** Supplied material follows **

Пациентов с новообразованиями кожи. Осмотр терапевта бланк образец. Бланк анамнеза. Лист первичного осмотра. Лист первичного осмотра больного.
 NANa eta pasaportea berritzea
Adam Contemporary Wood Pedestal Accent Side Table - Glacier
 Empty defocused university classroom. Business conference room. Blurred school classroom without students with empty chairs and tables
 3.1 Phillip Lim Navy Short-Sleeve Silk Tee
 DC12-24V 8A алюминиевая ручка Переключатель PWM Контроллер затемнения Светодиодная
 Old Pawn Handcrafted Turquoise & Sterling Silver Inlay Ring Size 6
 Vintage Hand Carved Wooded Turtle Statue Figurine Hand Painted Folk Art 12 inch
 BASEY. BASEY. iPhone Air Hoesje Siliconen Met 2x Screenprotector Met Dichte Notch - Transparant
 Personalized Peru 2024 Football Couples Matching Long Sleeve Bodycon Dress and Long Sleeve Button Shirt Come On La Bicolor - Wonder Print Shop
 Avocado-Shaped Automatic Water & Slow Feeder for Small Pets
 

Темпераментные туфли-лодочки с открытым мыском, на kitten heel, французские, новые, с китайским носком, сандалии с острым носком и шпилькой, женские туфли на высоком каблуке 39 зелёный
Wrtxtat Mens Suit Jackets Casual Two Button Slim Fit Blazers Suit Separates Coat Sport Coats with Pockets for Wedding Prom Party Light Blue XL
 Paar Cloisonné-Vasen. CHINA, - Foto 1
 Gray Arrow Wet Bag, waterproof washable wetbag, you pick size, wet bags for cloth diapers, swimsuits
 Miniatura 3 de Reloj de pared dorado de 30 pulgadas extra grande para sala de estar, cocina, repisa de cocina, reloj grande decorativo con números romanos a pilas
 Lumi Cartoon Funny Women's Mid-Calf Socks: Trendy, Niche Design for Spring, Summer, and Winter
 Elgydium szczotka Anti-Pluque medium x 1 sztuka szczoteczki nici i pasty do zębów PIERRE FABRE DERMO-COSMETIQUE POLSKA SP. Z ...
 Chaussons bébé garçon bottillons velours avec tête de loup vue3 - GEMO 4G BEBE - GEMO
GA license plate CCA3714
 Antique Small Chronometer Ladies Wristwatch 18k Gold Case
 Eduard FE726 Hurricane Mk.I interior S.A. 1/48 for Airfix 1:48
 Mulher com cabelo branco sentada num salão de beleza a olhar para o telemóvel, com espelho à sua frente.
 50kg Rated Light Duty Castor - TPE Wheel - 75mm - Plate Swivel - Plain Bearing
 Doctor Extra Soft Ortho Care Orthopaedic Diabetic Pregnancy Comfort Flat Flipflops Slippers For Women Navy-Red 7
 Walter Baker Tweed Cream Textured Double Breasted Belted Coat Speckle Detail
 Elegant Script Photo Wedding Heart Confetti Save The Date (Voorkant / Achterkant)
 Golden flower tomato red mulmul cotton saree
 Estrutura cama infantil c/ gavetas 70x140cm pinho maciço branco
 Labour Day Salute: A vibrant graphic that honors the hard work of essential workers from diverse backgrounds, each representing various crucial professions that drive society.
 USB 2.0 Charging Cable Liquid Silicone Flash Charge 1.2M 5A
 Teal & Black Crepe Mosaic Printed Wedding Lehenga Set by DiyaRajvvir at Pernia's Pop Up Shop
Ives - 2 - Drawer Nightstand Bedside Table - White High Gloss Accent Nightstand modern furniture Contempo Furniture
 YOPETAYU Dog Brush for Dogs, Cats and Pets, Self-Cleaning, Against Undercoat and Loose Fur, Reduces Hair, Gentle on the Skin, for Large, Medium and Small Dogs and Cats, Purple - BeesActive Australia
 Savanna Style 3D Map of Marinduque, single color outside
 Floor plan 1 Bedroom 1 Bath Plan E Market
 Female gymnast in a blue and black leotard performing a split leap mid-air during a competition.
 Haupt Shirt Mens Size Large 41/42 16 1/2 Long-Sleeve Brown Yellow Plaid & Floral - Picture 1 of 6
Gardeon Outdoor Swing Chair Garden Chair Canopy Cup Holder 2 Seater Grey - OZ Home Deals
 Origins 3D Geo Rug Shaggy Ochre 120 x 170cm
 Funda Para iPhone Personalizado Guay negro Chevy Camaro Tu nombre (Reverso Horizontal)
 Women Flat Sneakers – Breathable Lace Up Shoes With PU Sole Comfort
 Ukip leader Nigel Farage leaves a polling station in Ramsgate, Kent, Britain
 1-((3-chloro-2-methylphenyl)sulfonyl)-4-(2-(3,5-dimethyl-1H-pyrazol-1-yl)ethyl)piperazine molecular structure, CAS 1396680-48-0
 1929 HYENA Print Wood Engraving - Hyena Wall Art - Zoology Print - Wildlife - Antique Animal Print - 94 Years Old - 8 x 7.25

** End of Supplied material **

Copy the entries above exactly, but only from the line holding "GA license plate CCA3714" through the line holding "50kg Rated Light", both included.

GA license plate CCA3714
 Antique Small Chronometer Ladies Wristwatch 18k Gold Case
 Eduard FE726 Hurricane Mk.I interior S.A. 1/48 for Airfix 1:48
 Mulher com cabelo branco sentada num salão de beleza a olhar para o telemóvel, com espelho à sua frente.
 50kg Rated Light Duty Castor - TPE Wheel - 75mm - Plate Swivel - Plain Bearing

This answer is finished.